Step 3.1: Saving the received model detection images to the server

📁 save_img.php

/twilio_whatsapp_sender/save_img.php

⭐ After collecting model detection images, if Raspberry Pi transfers an image file via an HTTP POST request to update the detections folder on the server:

⭐ Check whether the uploaded file extension is in the allowed file formats — PNG or JPG.

⭐ Then, check whether the uploaded file size exceeds the 5 MB data limit.

⭐ Finally, save the uploaded image file to the detections folder.

if(!empty($_FILES["captured_image"]['name'])){
// Image File:
$captured_image_properties = array(
"name" => $_FILES["captured_image"]["name"],
"tmp_name" => $_FILES["captured_image"]["tmp_name"],
"size" => $_FILES["captured_image"]["size"],
"extension" => pathinfo($_FILES["captured_image"]["name"], PATHINFO_EXTENSION)
);

// Check whether the uploaded file extension is in the allowed file formats.
$allowed_formats = array('jpg', 'png');
if(!in_array($captured_image_properties["extension"], $allowed_formats)){
echo 'FILE => File Format Not Allowed!';
}else{
// Check whether the uploaded file size exceeds the 5MB data limit.
if($captured_image_properties["size"] > 5000000){
echo "FILE => File size cannot exceed 5MB!";
}else{
// Save the uploaded file (image).
move_uploaded_file($captured_image_properties["tmp_name"], "./detections/".$captured_image_properties["name"]);
echo "FILE => Saved Successfully!";
}
}
}

Step 4: Creating a Notehub.io project to perform web requests via Notecard

Via the Blues Wireless ecosystem, Notecard provides a secure cloud service for storing or redirecting incoming information and reliable cellular connectivity via the embedded SIM card or an external SIM card, depending on the region's coverage.
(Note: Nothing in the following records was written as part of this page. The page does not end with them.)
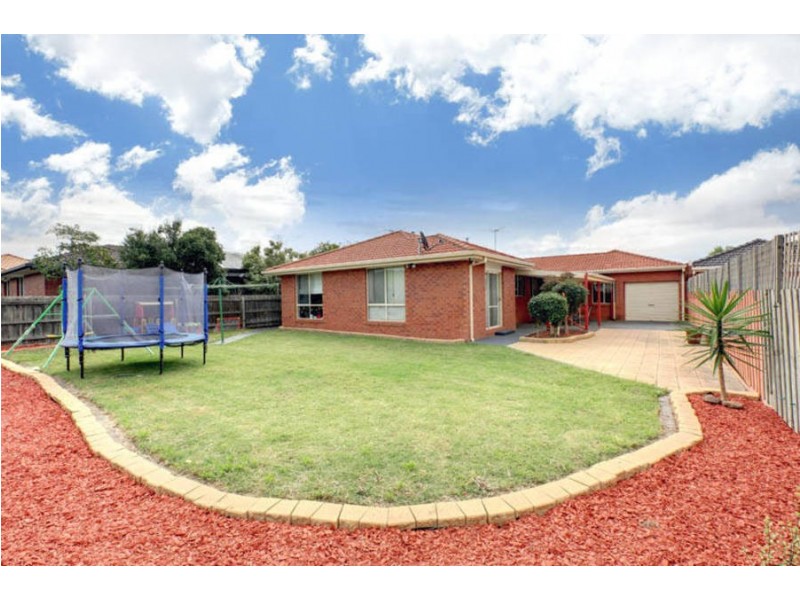 3 Birchmore Court, Taylors Lakes VIC 3038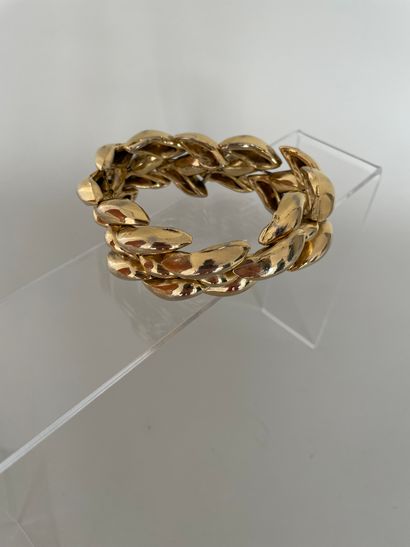 null UNGARO Parfums Paris Bracelet semi rigide articulé maille épis en métal doré-...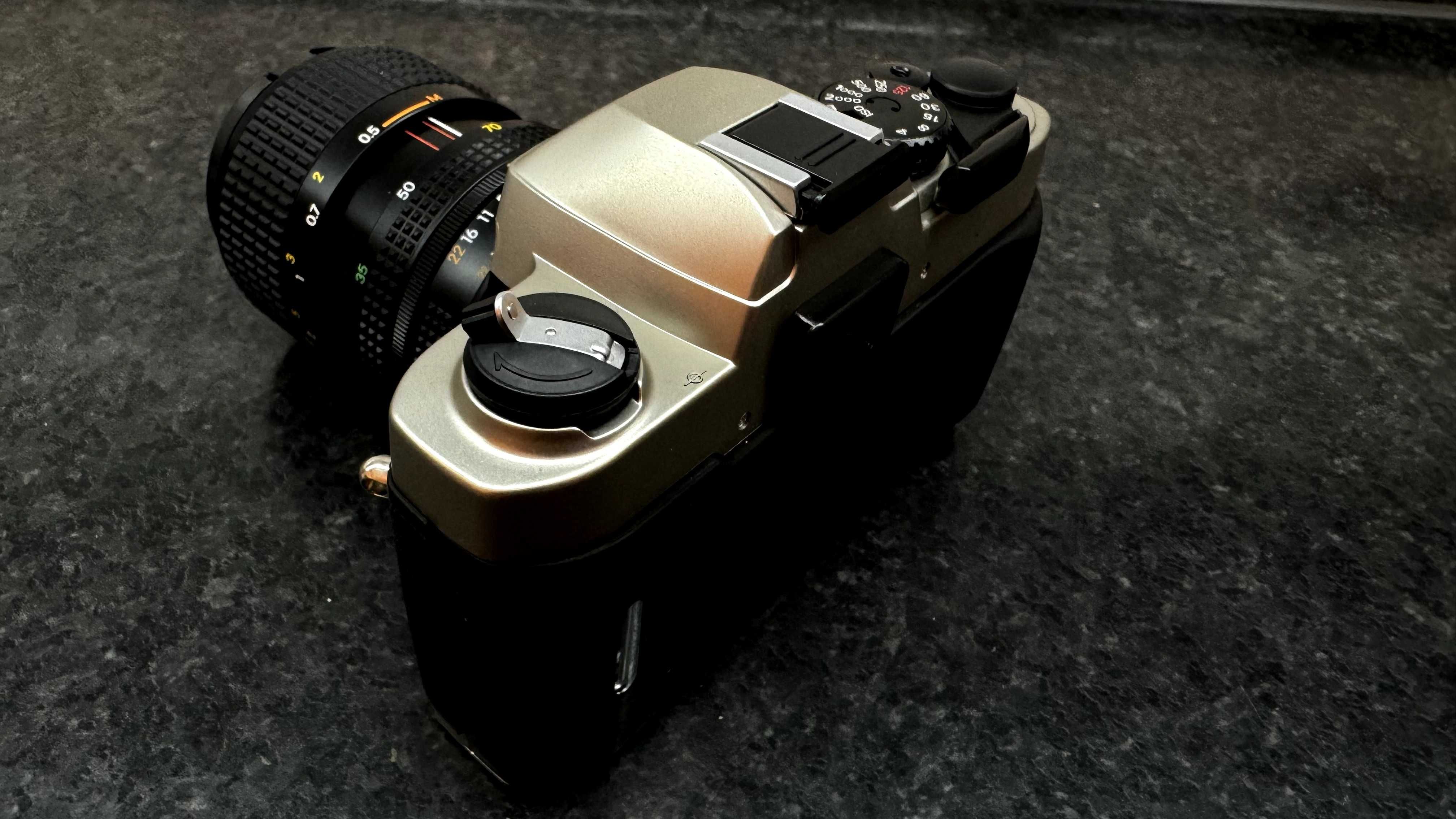 Плівкова дзеркальна камера Nikon FM10. Фотоапарат Nikon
Also, Blues Wireless provides various Notecarriers for different development boards, such as the Notecarrier Pi Hat. Therefore, I did not encounter any issues while connecting Notecard to my Raspberry Pi 4.

However, before proceeding with the following steps, I needed to create a Notehub.io project to utilize Notecard features with the secure cloud service.
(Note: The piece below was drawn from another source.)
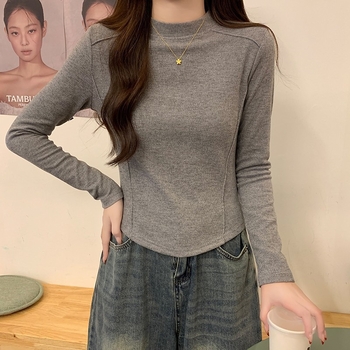 Moteriški poliesteriniai marškinėliai su fleece įdėklu, ilgos rankovės, pusiau aukštas kaklas, žuvies kaulo raštas ir išlenktas apdailos kraštas - siauras kirpimas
#️⃣ First of all, create an account on Notehub.io.

#️⃣ Click the Create Project button. Then, enter the project name and the product UID.

iot_deep_algae

#️⃣ Before adding a new device, copy the product UID for the device configuration on Raspberry Pi.

#️⃣ After connecting to the project successfully, Notehub.io shows the Notecard status.

#️⃣ On the Events page, Notehub.io displays all Notes (JSON objects) in a Notefile with the .qo extension (outbound queue).

#️⃣ To send the information transferred by Notecard to a webhook via HTTP GET requests, go to the Routes page and click the New Route button.

#️⃣ Then, select Proxy for Device Web Requests from the given options.

#️⃣ Finally, enter the route name and the URL of the webhook.

TwilioWhatsApp

https://www.theamplituhedron.com/twilio_whatsapp_sender/

Step 5: Collecting water quality data and communicating with Raspberry Pi via serial communication w/ Arduino Nano

To gain a better perspective regarding potential deep algal bloom, I programmed Arduino Nano to collect water quality information and transfer the collected water quality sensor measurements in the JSON format to Raspberry Pi via serial communication every three seconds:

  • Water Temperature (°C)
  • pH
  • TDS (ppm)

Since I needed to send commands to Raspberry Pi to capture deep algae images and run the object detection model, I utilized the control buttons attached to Arduino Nano to choose among commands. After selecting a command, Arduino Nano sends the selected command to Raspberry Pi via serial communication.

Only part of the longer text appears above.